◆ Work task:
Repeat the lines below exactly as they appear, but leave out the images.

◆ Data records:
========

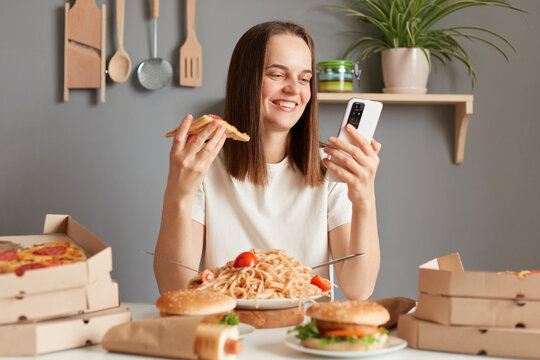 Image of smiling happy woman with brown hair wearing white t shirt sitting in kitchen at table, eating pizza and using cell phone, checking social networks while having snack.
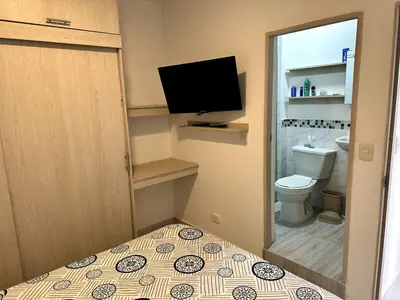 a small bathroom with a toilet and a television at Julius Sky Apartment 1-Swimming pool and close to the beach in Cartagena de Indias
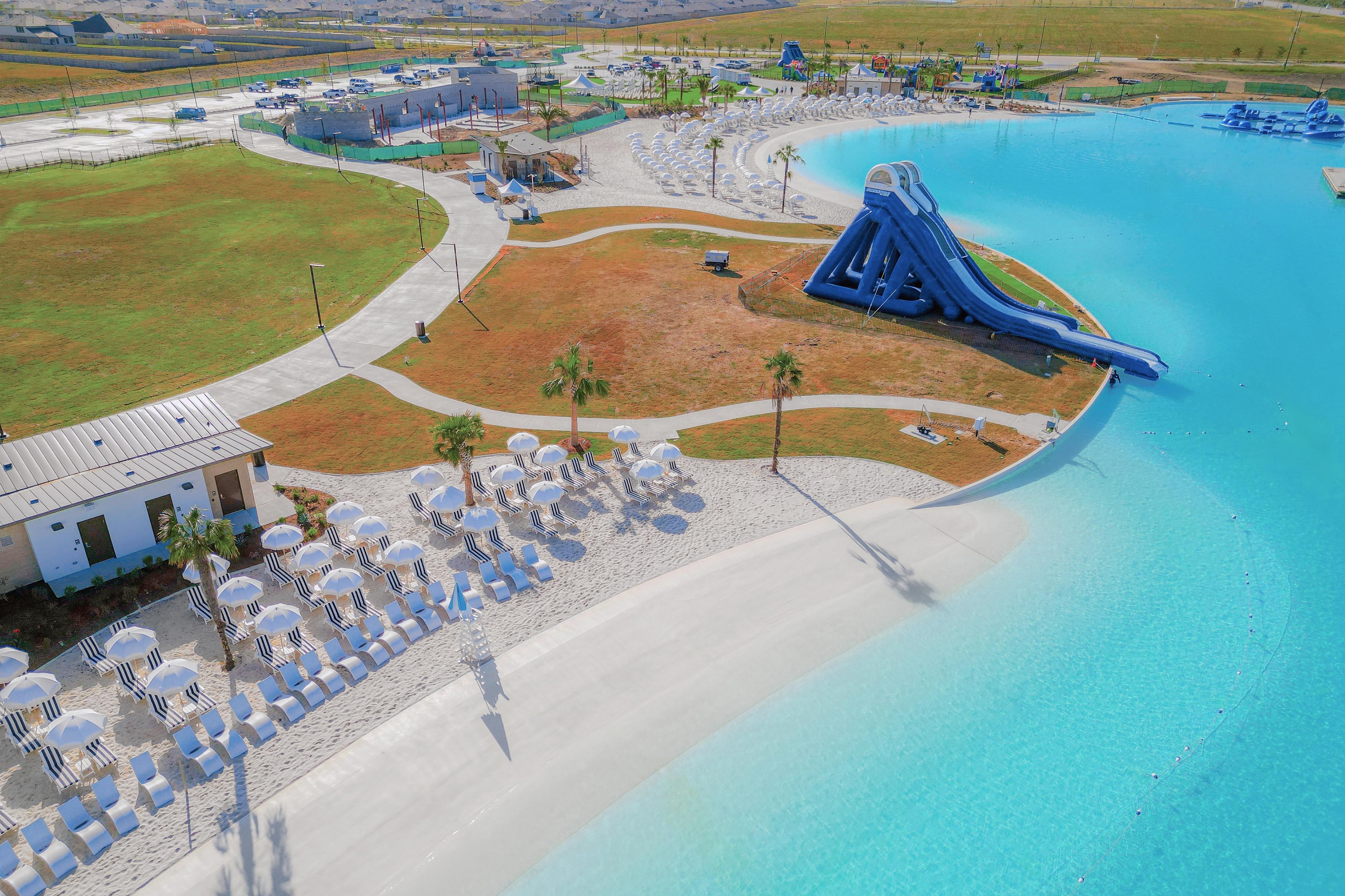 Resort-style lagoon pool at River Ranch Meadows in Dayton Texas with blue water slide, sandy beach, and umbrella loungers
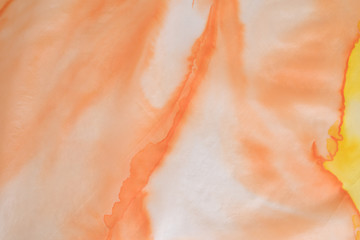 Fototapeta na wymiar close up of hand colored orange and yellow silk scarf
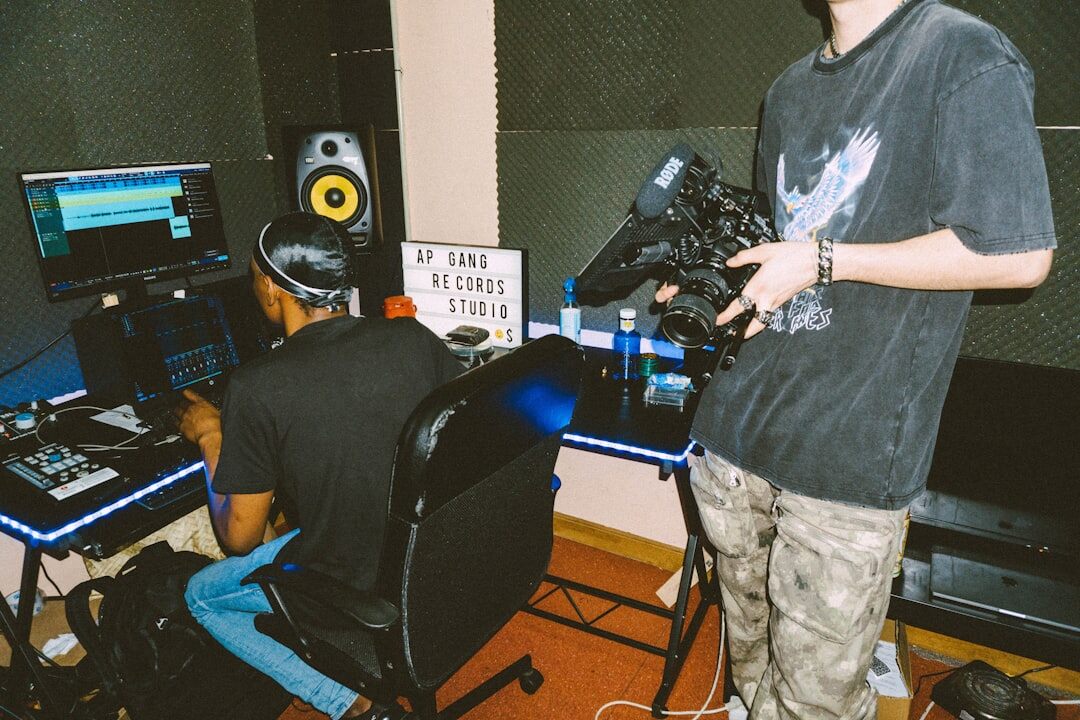 Trainees practicing live video equipment setup during a workshop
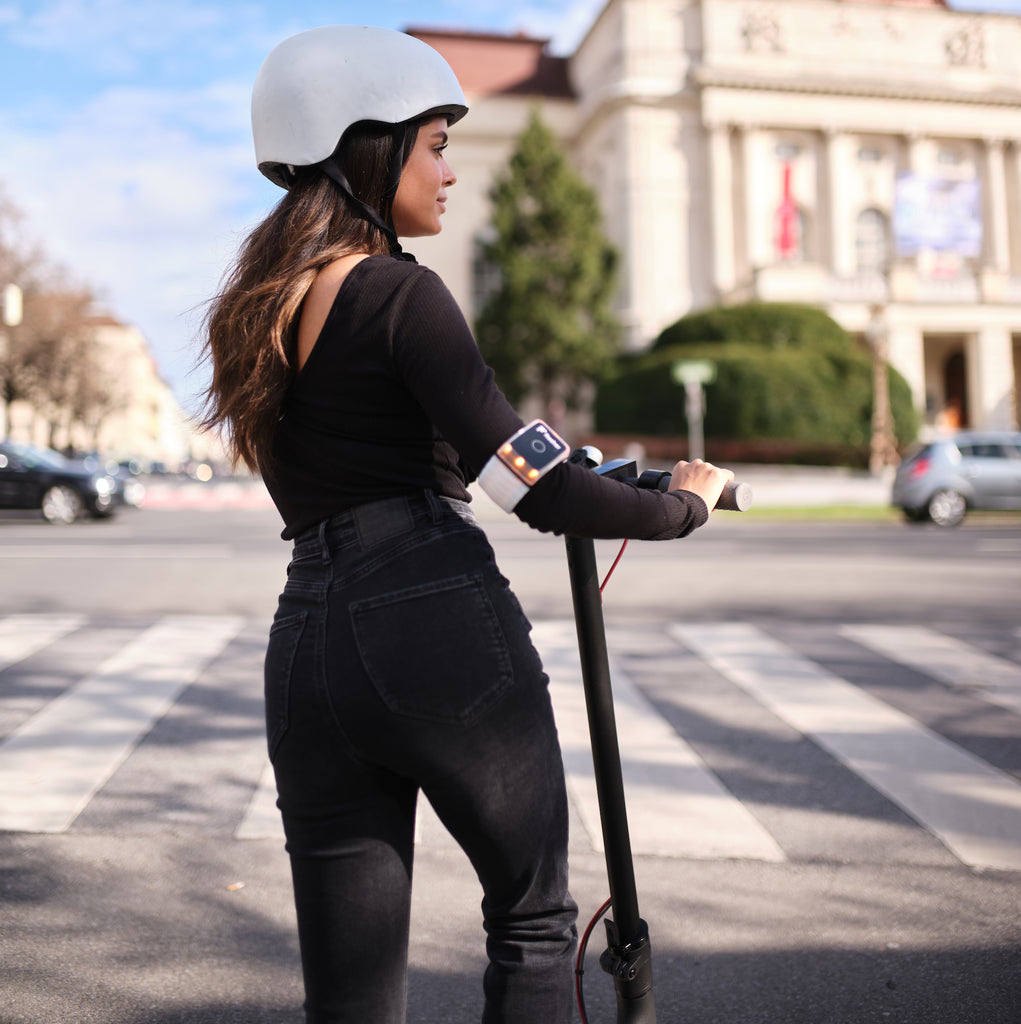 Junge Dame mit weißem Helm steht auf E-Scooter an der Kreuzung. Heller Tag.
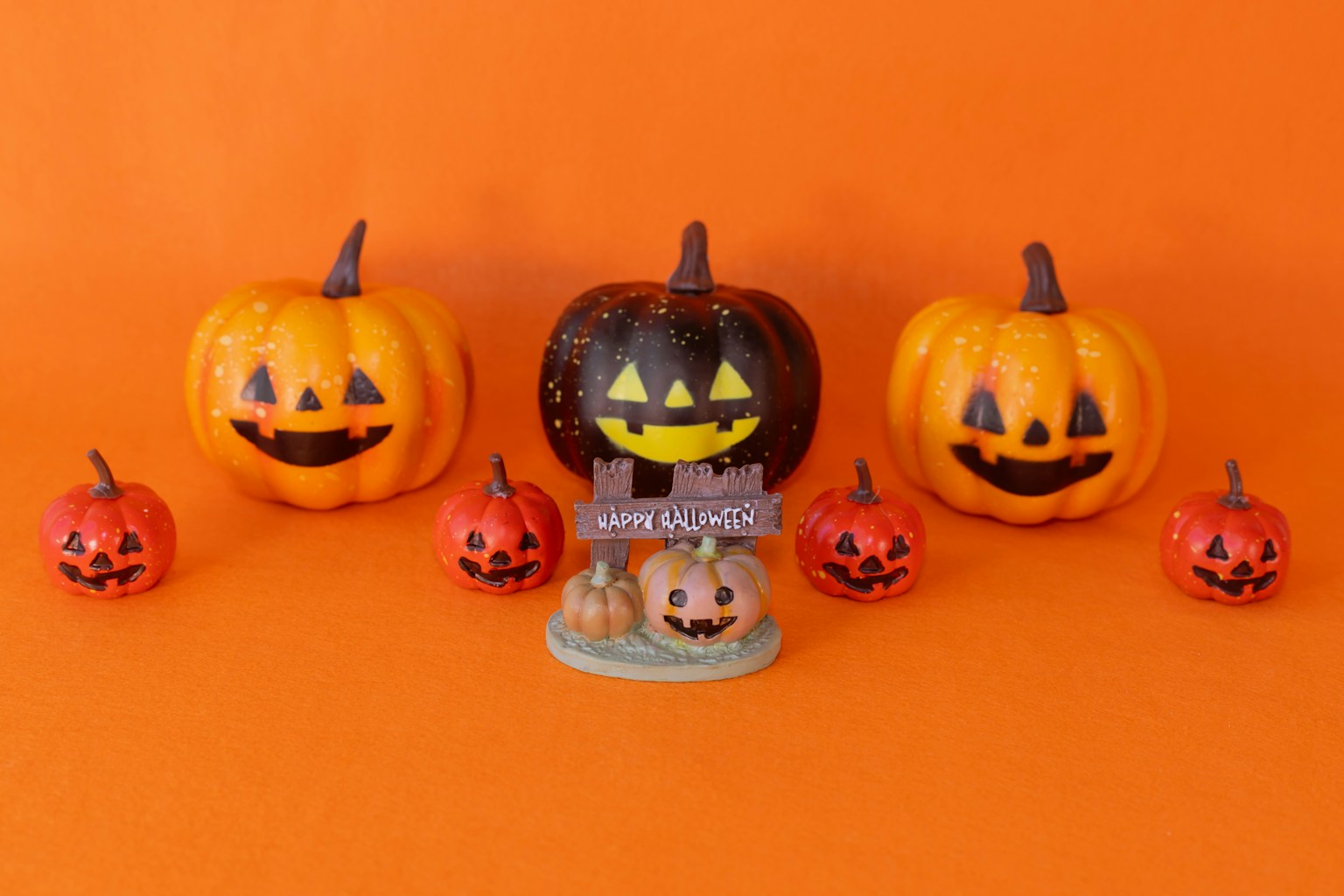 Labu Halloween dengan wajah tersenyum di latar belakang oranye menampilkan labu besar dan kecil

========

◆ Response for this exercise:
 Image of smiling happy woman with brown hair wearing white t shirt sitting in kitchen at table, eating pizza and using cell phone, checking social networks while having snack.
 a small bathroom with a toilet and a television at Julius Sky Apartment 1-Swimming pool and close to the beach in Cartagena de Indias
 Resort-style lagoon pool at River Ranch Meadows in Dayton Texas with blue water slide, sandy beach, and umbrella loungers
 Fototapeta na wymiar close up of hand colored orange and yellow silk scarf
 Trainees practicing live video equipment setup during a workshop
 Junge Dame mit weißem Helm steht auf E-Scooter an der Kreuzung. Heller Tag.
 Labu Halloween dengan wajah tersenyum di latar belakang oranye menampilkan labu besar dan kecil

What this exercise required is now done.